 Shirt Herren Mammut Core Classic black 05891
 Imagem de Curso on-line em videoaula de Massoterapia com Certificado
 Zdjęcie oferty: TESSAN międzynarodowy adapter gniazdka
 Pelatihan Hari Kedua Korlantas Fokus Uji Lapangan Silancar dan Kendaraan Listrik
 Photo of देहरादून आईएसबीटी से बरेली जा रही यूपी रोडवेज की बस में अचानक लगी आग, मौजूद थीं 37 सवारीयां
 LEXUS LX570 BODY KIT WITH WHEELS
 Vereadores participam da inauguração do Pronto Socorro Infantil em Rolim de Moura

* * *

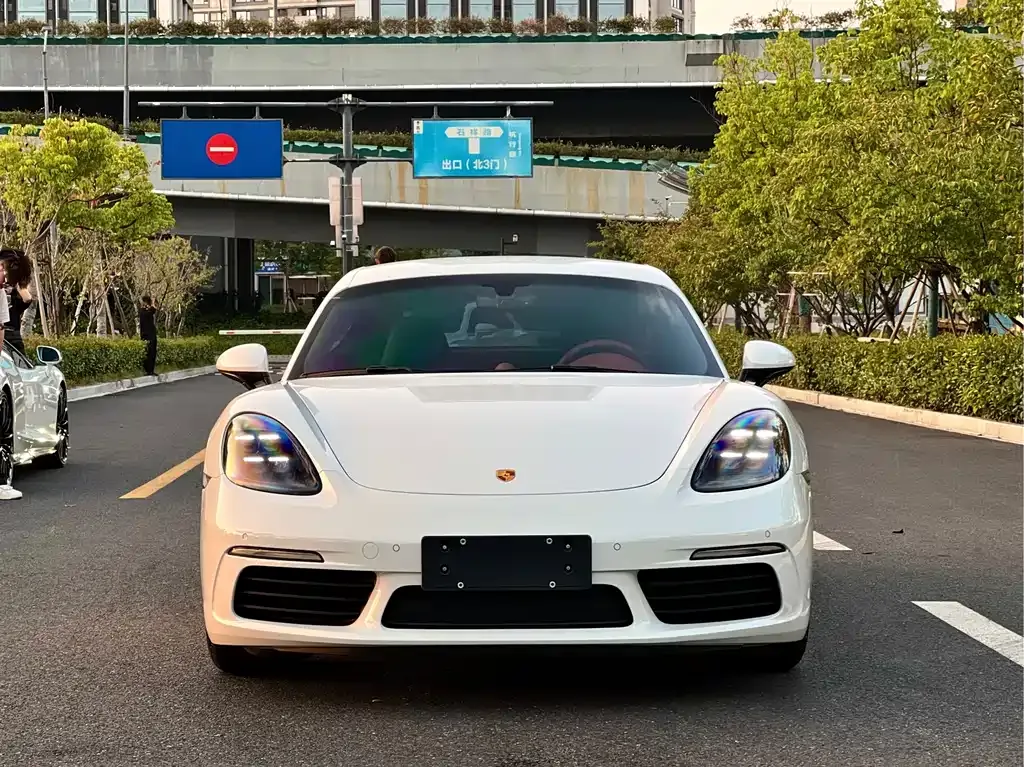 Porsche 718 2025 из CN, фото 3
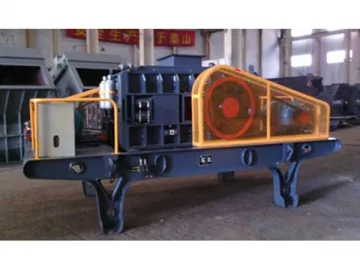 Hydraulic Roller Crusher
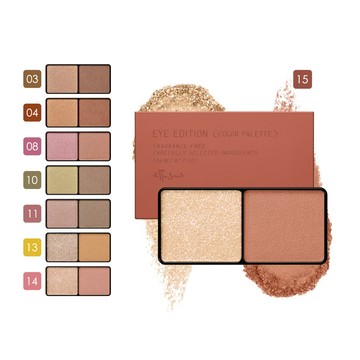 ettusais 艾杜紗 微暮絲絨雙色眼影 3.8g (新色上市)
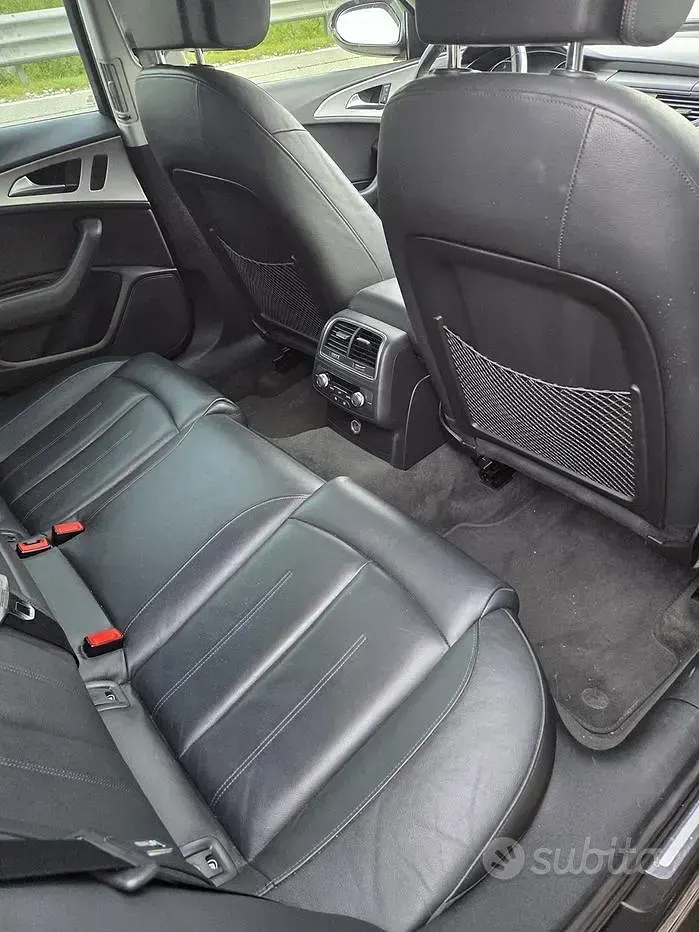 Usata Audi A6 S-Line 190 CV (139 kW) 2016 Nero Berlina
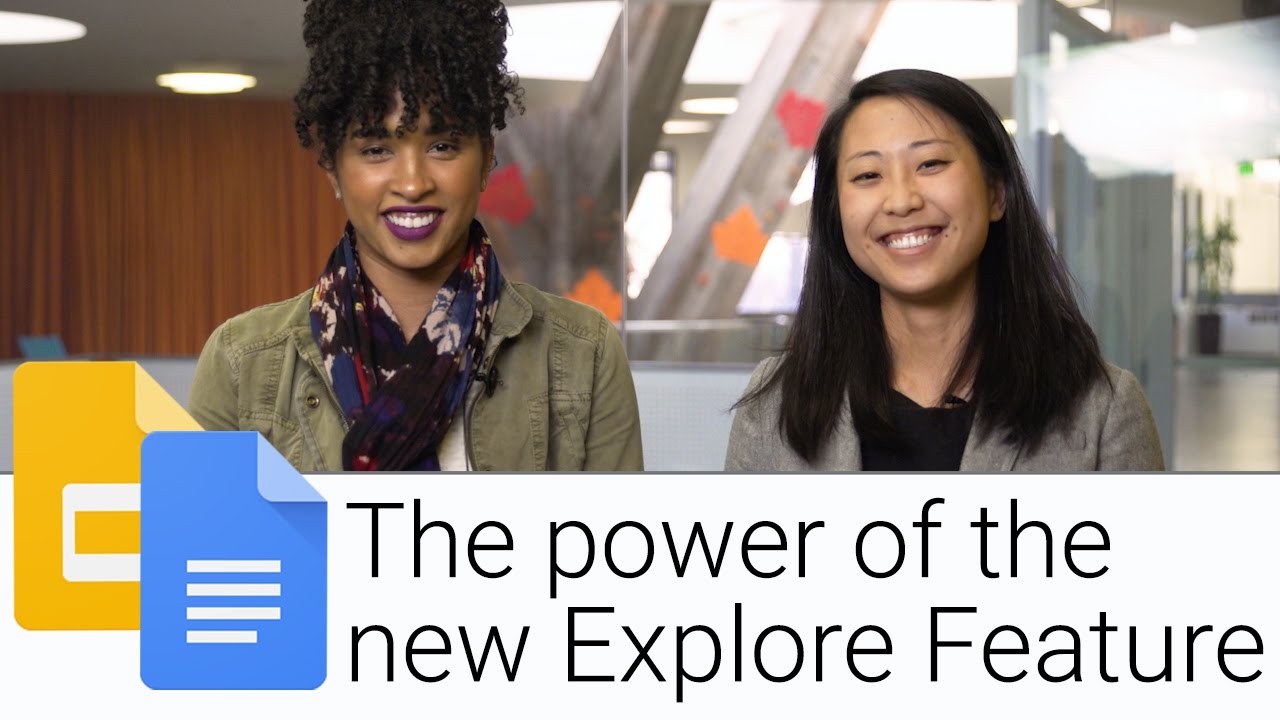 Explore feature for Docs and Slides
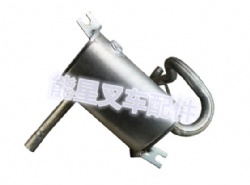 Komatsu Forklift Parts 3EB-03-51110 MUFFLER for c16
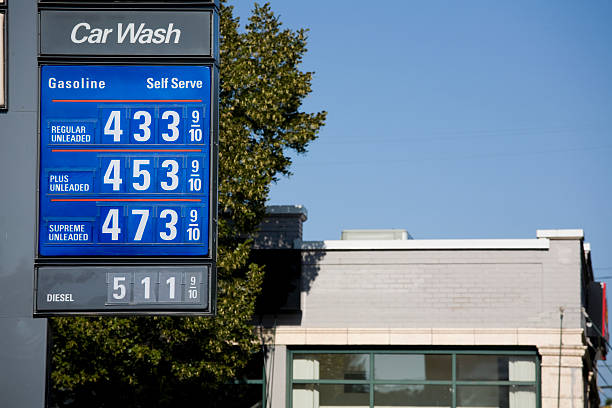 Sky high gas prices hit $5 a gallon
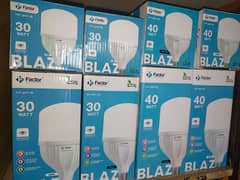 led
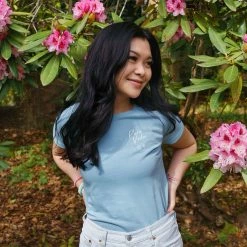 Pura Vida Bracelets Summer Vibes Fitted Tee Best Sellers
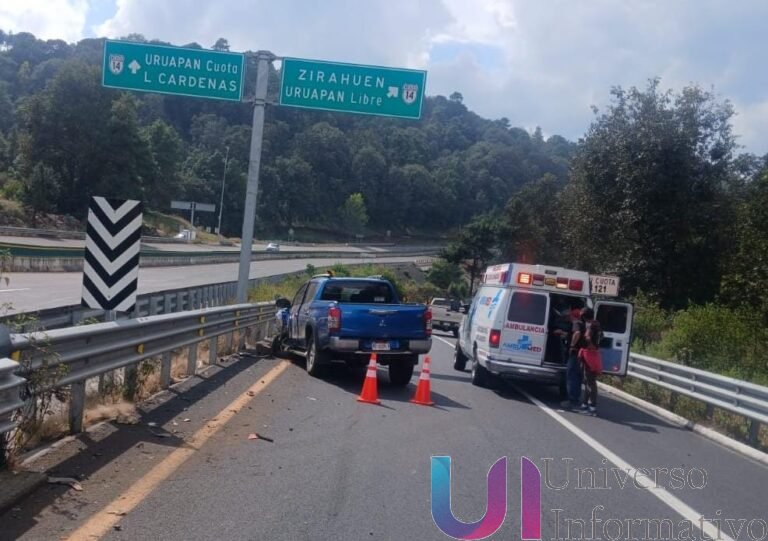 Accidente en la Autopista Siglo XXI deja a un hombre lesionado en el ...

* * *

**Work instruction:**
An exact copy is needed of the entries above, starting at the line that holds "Pura Vida Bracelets" and stopping at the line that holds "Accidente en la", both kept; pictures stay out.

**Result of the exercise:**
 Pura Vida Bracelets Summer Vibes Fitted Tee Best Sellers
 Accidente en la Autopista Siglo XXI deja a un hombre lesionado en el ...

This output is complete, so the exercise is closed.